◆ LISTED ENTRIES:
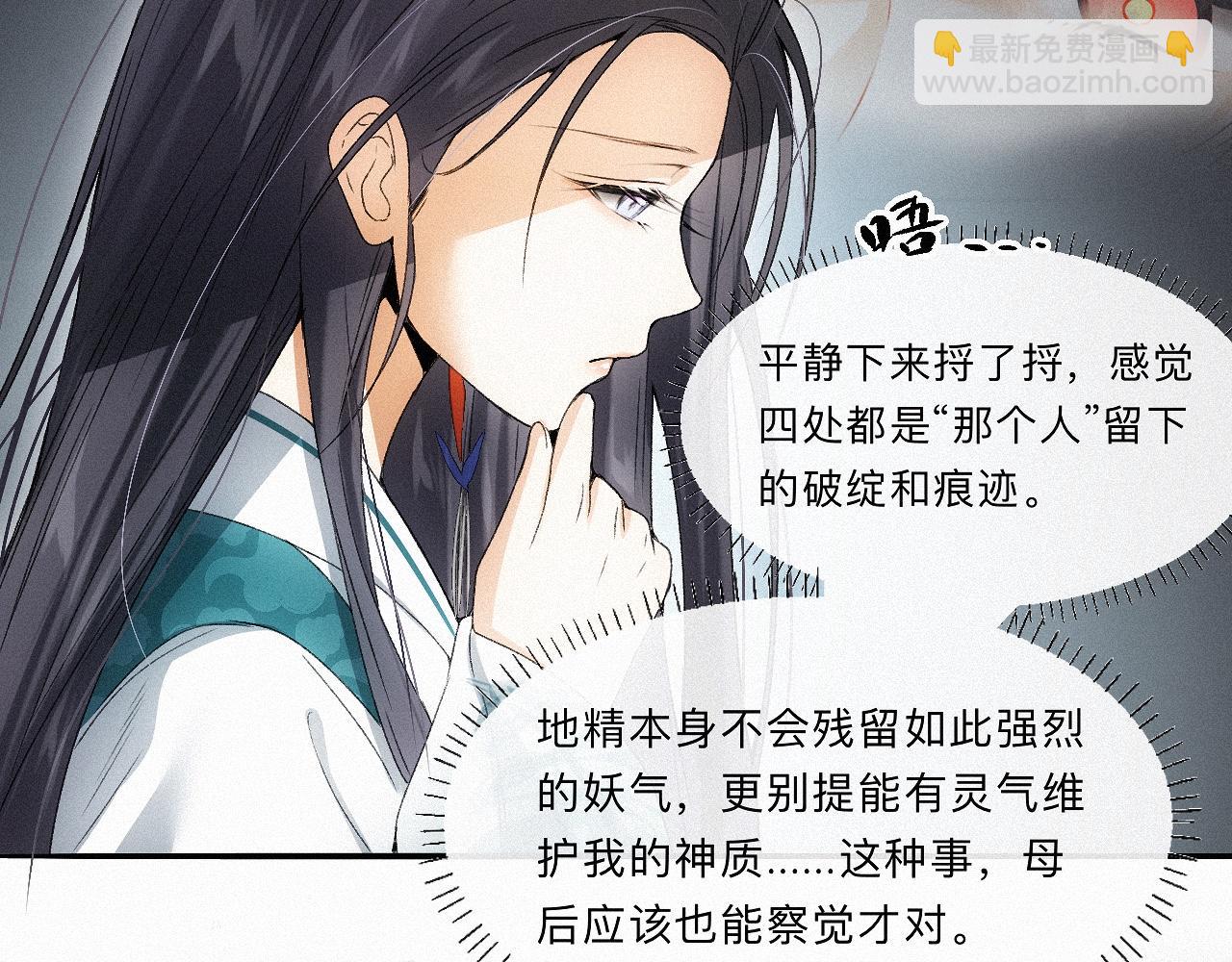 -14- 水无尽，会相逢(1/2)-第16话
--
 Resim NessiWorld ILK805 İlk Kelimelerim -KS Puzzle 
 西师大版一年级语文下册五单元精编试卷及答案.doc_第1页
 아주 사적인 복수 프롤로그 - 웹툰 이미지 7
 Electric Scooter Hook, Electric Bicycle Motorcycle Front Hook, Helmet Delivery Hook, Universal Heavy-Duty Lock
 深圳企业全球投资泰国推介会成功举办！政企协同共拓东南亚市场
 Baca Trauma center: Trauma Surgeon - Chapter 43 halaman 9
---
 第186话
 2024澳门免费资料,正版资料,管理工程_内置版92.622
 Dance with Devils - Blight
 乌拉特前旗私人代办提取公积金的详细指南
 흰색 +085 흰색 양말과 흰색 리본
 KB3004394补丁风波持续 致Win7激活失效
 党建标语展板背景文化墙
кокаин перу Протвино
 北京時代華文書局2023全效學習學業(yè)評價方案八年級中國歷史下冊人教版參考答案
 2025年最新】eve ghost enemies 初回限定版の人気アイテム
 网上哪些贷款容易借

◆ TASK INSTRUCTIONS: The entries above hold the needed span. Transcribe exactly the lines from the one with "西师大版一年级语文下册五单元精编试卷及答案.doc_第1页" to the one with "Baca Trauma center: Trauma", both included.

◆ SOLUTION BELOW:
 西师大版一年级语文下册五单元精编试卷及答案.doc_第1页
 아주 사적인 복수 프롤로그 - 웹툰 이미지 7
 Electric Scooter Hook, Electric Bicycle Motorcycle Front Hook, Helmet Delivery Hook, Universal Heavy-Duty Lock
 深圳企业全球投资泰国推介会成功举办！政企协同共拓东南亚市场
 Baca Trauma center: Trauma Surgeon - Chapter 43 halaman 9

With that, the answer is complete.